I believe the default Ubuntu kernel works fine on Cavium hardware (or virtual hardware) and if you switch to it, then you’ll get ZFS support built-in and full AppArmor support.

We do regular LXD tests on arm64 machines using Ubuntu 16.04, so we know it’s all working fine, so long as you run the right kernel (we test on bare-metal and VMs on APM CPUs)

You can’t switch to the default kernel because they have a custom solution in place to mount storage at boot time.

Scaleway cut many corners to provide such cheap hardware.

That’s unfortunate considering that most arm64 VMs I’ve played with so far had a very familiar UEFI based firmware with grub and all the other bits you’d normally expect on a Linux server.

There are a few ways to tackle this.

According to https://community.online.net/t/official-linux-kernel-new-modules-optimizations-hacks/226 they are OK to receive changes to the kernel configuration. Specifically, it says on that page If you are missing some kernel modules or optimizations, give us info about your needs (the best would be .config lines) At the end of that page, a user reported that xz compression was not present in the kernel (an issue with snaps) and it was resolved in a week.

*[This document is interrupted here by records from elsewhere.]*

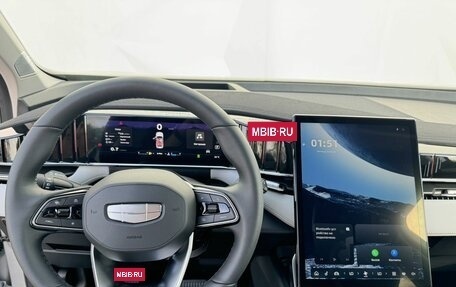 Geely Atlas, 2024 год, 3 512 990 рублей, 12 фотография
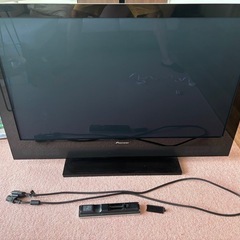 Pioneer KURO PDP-428HX 壁掛け用　42インチ Pioneer KURO PDP-428HX 壁掛け用 42インチ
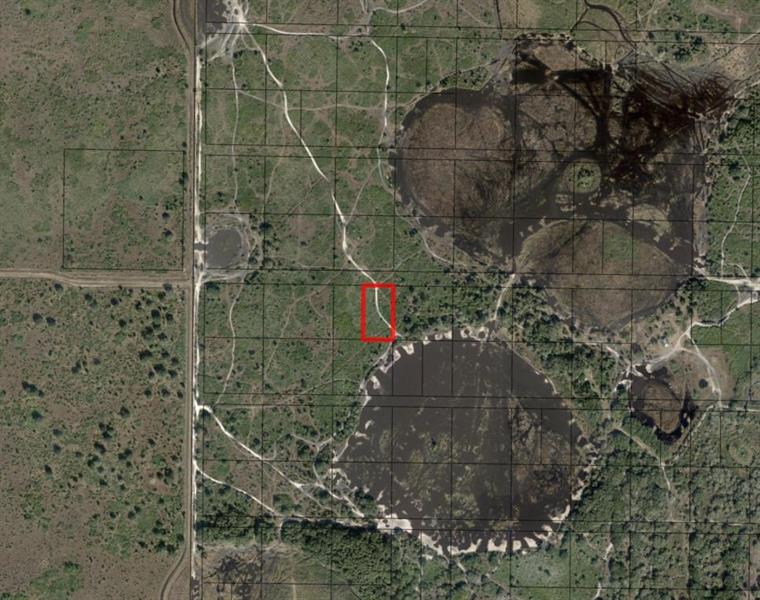 NW 304th Street Okeechobee FL 34972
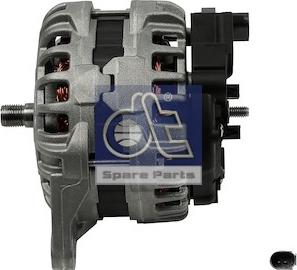 DT Spare Parts 7.61513 - Alternatore autozon.pro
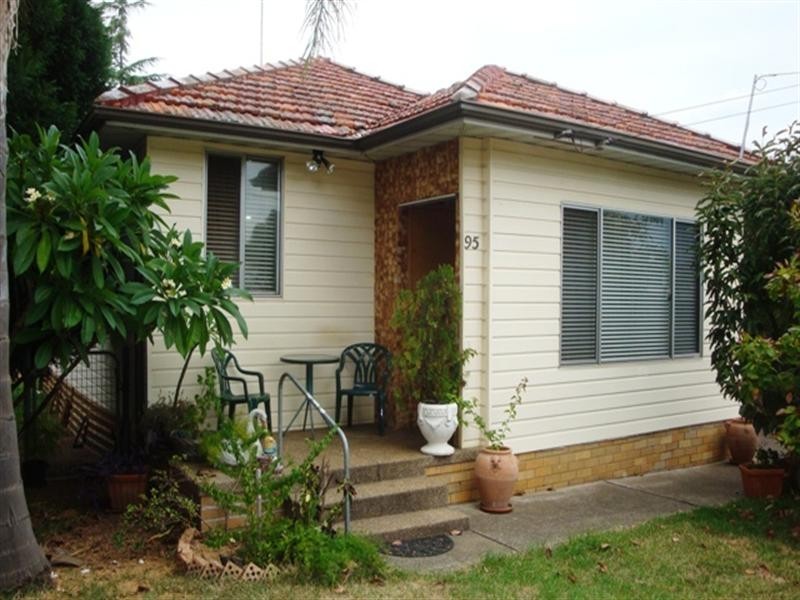 95 Dublin Street, Smithfield NSW 2164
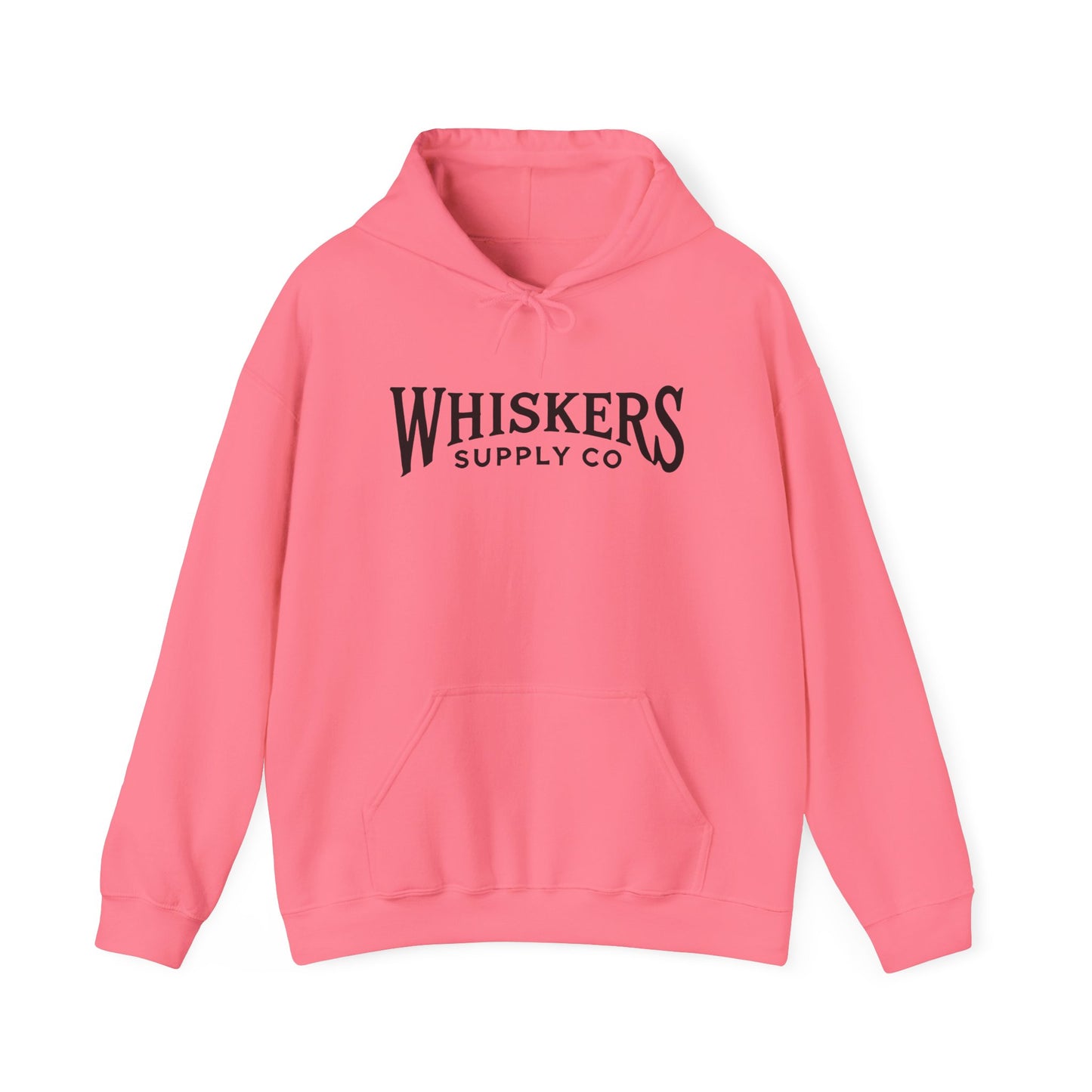 Whiskers Supply - Hoodies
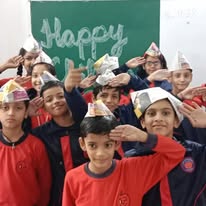 Little Friends School campus photo 9 of 17 — Gomti Nagar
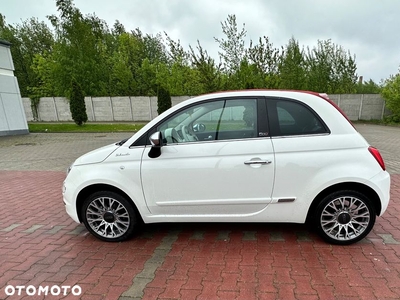 Fiat 500 1.0 Hybrid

The kernel .config can be found at http://mirror.scaleway.com/kernel/aarch64/4.9.23-std-1/ What needs to change in the .config in order to get proper AppArmor support? What is needed to get ZFS to be compiled in?

There is a guide to use kexec to run a custom kernel on Scaleway,

Ideally though, Scaleway should support Ubuntu officially.

Unfortunately neither ZFS nor AppArmor are something you can do with just config changes. Both are rather complex and big patchsets to apply to the kernel sources before you can turn on the needed config options.

For AppArmor that delta is slowly being upstreamed so eventually that won’t be a problem.
For ZFS that’s unlikely to ever change due to the licence difference.

Scaleway uses the term “bootscript” to describe a set of kernel and initrd (https://www.scaleway.com/docs/bootscript-and-how-to-use-it/). A user cannot set up a custom “bootscript” but can only use one of the provided bootscripts (also, kexec is not enabled currently on the ARM64 kernel).

The way forward would be to have a git repo (or source tarball) with the Ubuntu Linux kernel source(with ZFS and Apparmor included), and ask kindly Scaleway to produce a bootscript for that kernel. Which git repo/source tarball would you suggest to use?

For Ubuntu 16.04, that’d be: https://code.launchpad.net/~ubuntu-kernel/ubuntu/+source/linux/+git/xenial/+ref/master

Reported at

KEXEC support has been requested at https://github.com/scaleway/kernel-tools/issues/348

What do you think about using BTRFS instead of ZFS since BTRFS support is included in Scaleway Ubuntu 16.04 kernel?

Every storage backend comes with its issues, https://github.com/lxc/lxd/blob/master/doc/storage.md has an overview of what to expect.

btrfs is one of the best storage backends and should be fine so long as you don’t expect quotas to work in any kind of useful way and aren’t using a complex RAID setup which btrfs still has some issue running without the occasional crash and data loss.

The bigger issue with the Scaleway Linux kernel for ARM64 is that it does not support all the AppArmor features that LXD requires.

If you see at https://blog.simos.info/a-closer-look-at-the-new-arm64-scaleway-servers-and-lxd/
it is possible to relax the requirements for LXD so that it runs with the limited AppArmor support at Scaleway.

Indeed, for simplicity, it is OK to try out btrfs instead of ZFS. In my post I show that it is possible to get ZFS to compile on the ARM64, with quite a bit of involvement.